Джо Аберкромби - Полвойны
Рэйт не поддакивал. Он бы полюбил это прерасное будущее и охотно сделался бы его частью, однако он разбирался в жизни. Его растили не в крепости и не в королевских покоях, и рабы не припадали к нему на каждый чох. Он когтями выцарапывал себе путь, без никого, кроме брата за плечами.
Он провел рукой по рубахе, чувствуя под тканью небольшую склянку. Он знал, кем он был. Знал, за какую работу брался.
А потом ему улыбнулась Скара. И было так, словно Матерь Солнце избрала его и из всех людей сияла только над ним.
– Как вы в такой тяжести сражаетесь? – молвила она, встряхнувшись и зазвенев кольчужными кольцами. – Ничего себе груз!

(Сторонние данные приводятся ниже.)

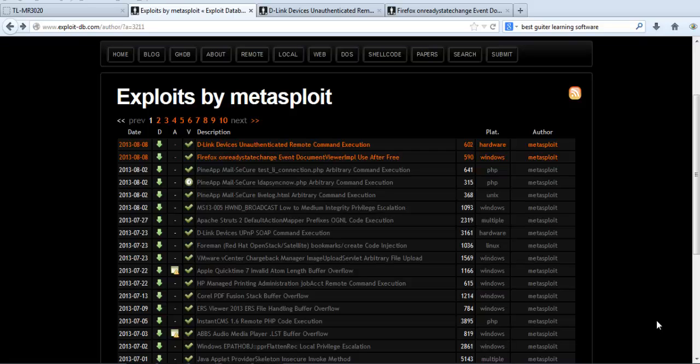Hi guys, welcome back. Hope you are enjoying all my videos and hope you are doing well. In this video we'll see how we can import a custom exploit to a Metasploit database on Kali Linux. If you can write your own exploit that will be good, and if you don't know how to write an exploit, we can go to Exploit-DB.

Решимость Рэйта растаяла, как масло на очажном камне.
– К ней привыкаешь, о моя королева, – каркнул он.
Она посмурнела:
– Тебе нездоровится?
– М-мне? – заикнулся он. – Неужели?
– Когда ты научился обходительным манерам? Боги, жарища-то какая! – Она вцепилась в ворот кольчуги и пуховый поддоспешник. Столь оживленной она еще не была: румяная, глаза горят, на лице легкий блеск. Он щелкнула пальцами рабыне:
– Принеси, будь добра, мне вина.
– Я принесу, – отозвался Рэйт, быстро шагнув к кувшину.

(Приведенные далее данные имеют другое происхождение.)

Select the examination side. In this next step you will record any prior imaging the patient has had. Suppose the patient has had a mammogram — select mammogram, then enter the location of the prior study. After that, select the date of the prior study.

– С чего бы не воспользоваться услугой лучших в своем деле. – Скара ухмыльнулась Рин, кивком указывая на него. – Он был королевский чашник.

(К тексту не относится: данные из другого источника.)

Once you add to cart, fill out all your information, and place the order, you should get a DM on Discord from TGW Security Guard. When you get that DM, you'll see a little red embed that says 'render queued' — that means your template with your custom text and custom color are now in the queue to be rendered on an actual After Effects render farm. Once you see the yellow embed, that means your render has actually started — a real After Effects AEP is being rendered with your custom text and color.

– Ага, был, – про себя буркнул Рэйт. И будет снова. Если сумеет завершить одно дело.
Биение сердца застилало слова Скары, он не разбирал, о чем она говорит. Медленно, тщательно, удостовериваясь, что его не выдадут трясущиеся руки, он нацедил вина. В кубке оно смотрелось, как кровь.
Он хотел быть воином. Мужчиной, поднявшим оружие за короля, доблестным на бранном поле. А кем стал? Мужчиной, который сжигает усадьбы. Который платит злом за доверие. Который травит женщин.
Он проговорил себе – так надо, так должно поступить. За короля. За брата.
Он чувствовал спиной взгляд матери Ауд, когда принял глоток, что полагался чашнику – убедиться, что вино не опасно для более благородных губ, чем его. Он услышал ее шаг, ему навстречу, а затем Скара произнесла:
– Мать Ауд! Вы-то знали отца Ярви до того, как он стал служителем?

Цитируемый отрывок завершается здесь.